Message 259718 - Python tracker (original) (raw)
Commas aren't legal characters in cookie keys, yet in Python 3.5, they're allowed:
bool(http.cookies._is_legal_key(',')) True
The issue lies in the use of _LegalChars constructing a regular expression.
"Some people, when confronted with a problem, think 'I know, I'll use regular expressions.' Now they have two problems."
The issue arises in this line:
_is_legal_key = re.compile('[%s]+' % _LegalChars).fullmatch
Which was added in 88e1151e8e0242 referencing .

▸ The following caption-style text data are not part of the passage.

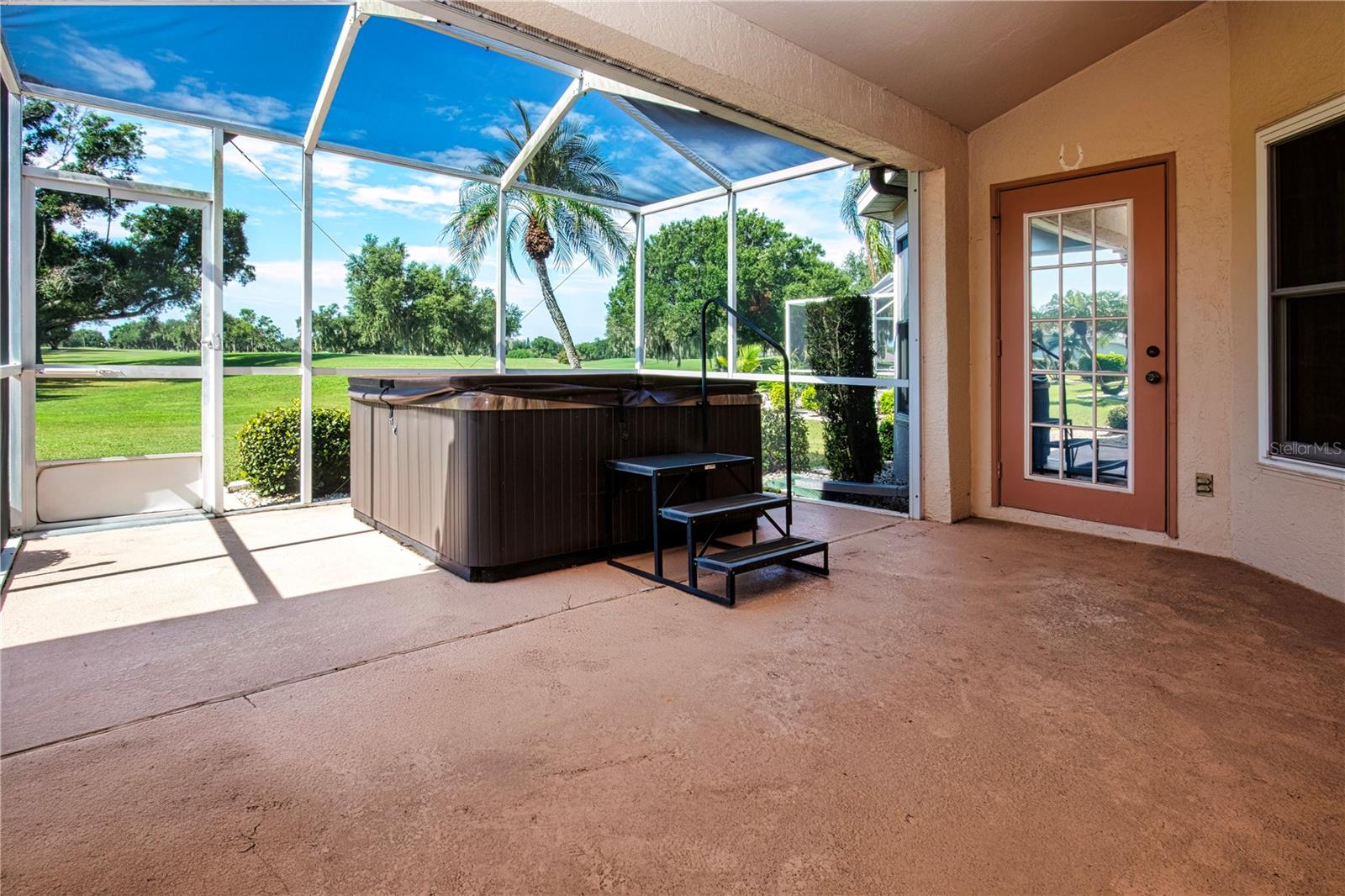 2424 E Del Webb Blvd Property Photo 54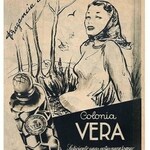 Vera (Vera)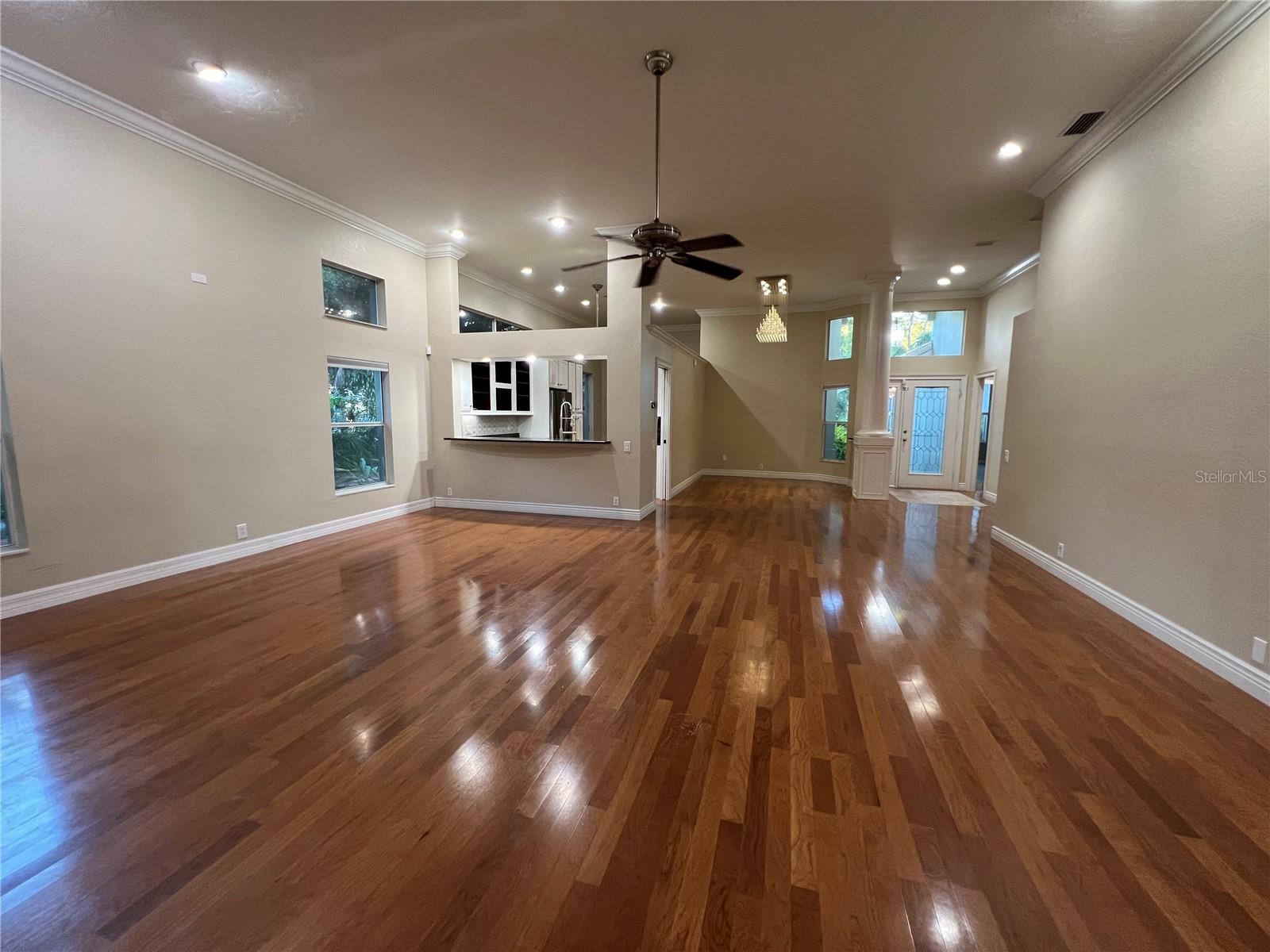 6435 BERKSHIRE PL, UNIVERSITY PARK, FL, 34201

The problem is that in a regular expression, and in a character class in particular, the '-' character has a special meaning if not the first character in the class, which is "span all characters between the leading and following characters". As a result, the pattern has the unintended effect of including the comma in the pattern:
http.cookies.is_legal_key.self re.compile("[abcdefghijklmnopqrstuvwxyzABCDEFGHIJKLMNOPQRSTUVWXYZ0123456789!#$%&'*+-.^`|~:]+") pattern = _ pattern.fullmatch(',') <_sre.SRE_Match object; span=(0, 1), match=','> ord('+') 43 ord('.') 46 ''.join(map(chr, range(43,47))) '+,-.'
That's how the comma creeped in.
This issue is the underlying cause of https://bitbucket.org/cherrypy/cherrypy/issues/1405/testcookies-fails-on-python-35 and possible other cookie-related bugs in Python.
While I jest about regular expressions, I like the implementation. It just needs to account for the extraneous comma, perhaps by escaping the dash:
_is_legal_key = re.compile('[%s]+' % _LegalChars.replace('-', '\-')).fullmatch
Also, regression tests for keys containing invalid characters should be added as well.